First off, I am learning that animal rescuing is not a passion of mine. I am happy to help out a few animals I've become attached to, but I am not in this business for the long haul.
Last Monday the kids and I were playing in the backyard for the first time in what felt like ages. We were playing chase and hide-and-seek and having a lot of fun. But I kept hearing this aggressive meowing from our neighbor's yard. Each time I would walk toward it it would stop, so we'd keep playing.
Finally I went all the way to the back of the yard following the meowing and saw what looked like a chipmunk stuck through the fence. On closer inspection I noticed it was a very swollen cat's paw and the meowing was coming from a pretty, long-haired grey kitten who was looking hurt and angry! I couldn't figure out how to get her out, so I packed up the kids and walked over to the house where most of the kitten was stuck. Nobody was home.
So I called Animal Rescue and they said they couldn't help with domestic pets. I tried to get her out from my side of the fence, but there was no way. I have no idea how she got so stuck. The opening between the slats where she was couldn't have been more than about 1 centimeter. I know how big a centimeter is because it's the size of a miniature marshmallow, right, Mom?
What could I do? It was nap time for the boys, I hadn't eaten lunch, and this cat was absolutely pinned in there. I ended up calling my neighbor Sarah who, in a related animal story, was keeping Pink the beagle who I've blogged of before. She had told me she had rescued many animals before, so I thought she might be able to help me with the kitten. She jumped over the fence, wrapped Kitten in towels and gave me instructions on how to open up the fence slat a little with the head of a hammer. She got the kitten out!

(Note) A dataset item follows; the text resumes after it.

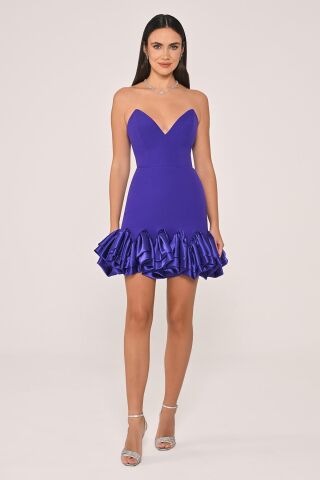 Straplez Eteği Saten Fırfırlı Krep Kısa Elbise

This paw was swollen enough that it was probably as big as a golden retriever puppy's. She had no use of it and obviously needed to be taken to the vet. So Sarah gave me some money and arranged a vet visit. They did an x-ray and discovered that nothing was broken, but she obviously had considerable nerve damage. So I came home with a strange, angry cat who has been living in our downstairs bathroom for a week tomorrow.
The vet gave us some anti-inflammatory medicine to give to the cat. I put out some signs and slipped a note under the garage door of a neighbor who I thought could be the owner. She later called me (this was Tuesday night) and confirmed to me that the cat was a bona-fide member of a feral cat colony in our neighborhood. This neighbor, Pam, had just returned from a workshop teaching about how to manage feral cat colonies!
More later, as I am now on nap duty.